I guessed that despite Jess’s look to the gates, it wasn’t what she saw in her head.
“But Cassie?” I said, and she nodded, serving only to build my frustration and I hurried to speak. “She’s not dead. She should be dead by now. Everyone who I’ve seen bitten is dead. The doctor gave her the cure.”
Jess shrugged, but before I could raise my voice, she turned to look my way. “How do you know she’s cured?”
I held back the reply I wanted to blurt out and considered the words. “She’s not dead. She’s not going to die.”
“Okay,” Jess replied, turning back to the gate and letting her shoulders relax. “But the cure is only a side effect.”
“What do you mean? Please be straight with me.”
“I think they’re using this virus to make superhumans. Hybrids with exceptional strength. Is that straight enough?” she said, still with a calm voice.
“What...?” My word spat as I twisted in my seat towards her. “What the hell? This isn’t a fucking movie, and that’s not funny.”
Feeling my heart beating hard in my chest, I watched as the glimmer of a smirk appeared on her lips and her eyebrows raised as she stared to the baying crowd.
Following her gaze, I took hold of the steering wheel and looked at the crowd. I peered at the dead people walking on two feet. The dead moving around in a relentless need to feed and I realised I had no idea what could have caused this unreality. This new reality.
“It’s always the military,” she said, seeing my grip relaxing on the steering wheel.
I let the silence hang, listening to my breath over the low hum from the crowd and rattle at the gates.
“I don’t get it. Why the children?” I said when the quiet grew too much.
“I can’t be sure.”
“I don’t believe you.”
She tur
ned toward me scowling. Pulling back, Jess fixed me with her furrowed brow, anger flashing across her face.
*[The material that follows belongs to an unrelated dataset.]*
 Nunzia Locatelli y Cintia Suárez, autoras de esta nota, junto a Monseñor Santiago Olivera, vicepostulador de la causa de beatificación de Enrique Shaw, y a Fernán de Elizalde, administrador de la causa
For a moment she seemed to ripple with energy, muscles tightening as if about to attack.
With adrenaline rising, I held my ground, fighting the urge to jump from the minibus. “You know more than I do.” I let my voice soften as I continued. “You know more than most. You must,” I said, whilst trying to keep the aggression from my tone.
I watched as she relaxed, trying to gauge what she’d do next.
“Experiments,” she said, still looking my way.
“To make soldiers?”
Jess nodded.
“How...? What...?” I blurted out, the words coming before I formed coherence. “They’ll infect them with the virus?”
Jess gave a weak nod, but I couldn’t tell if it meant she knew for sure or if she was reluctant to tell me the truth.
“What have I done?” I asked, but not to Jess as I replayed the events of the last few days in my mind and turned towards the gates, gripping both hands to the steering wheel. “I delivered them to her.”
“You also saved Cassie.”
I glanced around as she spoke. “I don’t think she’ll see it that way.”
“You didn’t know what they’d do.”
“But I always knew it was a risk,” I said, tightening the grip on the steering wheel.
“What would have happened if you did nothing?”
I didn’t reply straight away, instead trying to remember. “I don’t know. Do you think it’s too late?”
“For what?” Jess looked up with her eyebrows raised.
“To rescue them.”
“I don’t know,” she said, shaking her head. “Are you willing to risk your life even if there’s only a slim chance?”
I knew I should have had the answer ready. Would I give my life for Cassie, someone I’d only just met?
Yes. That answer came without thought. Would I do the same for her sister? For the two innocents, Jack and Tish?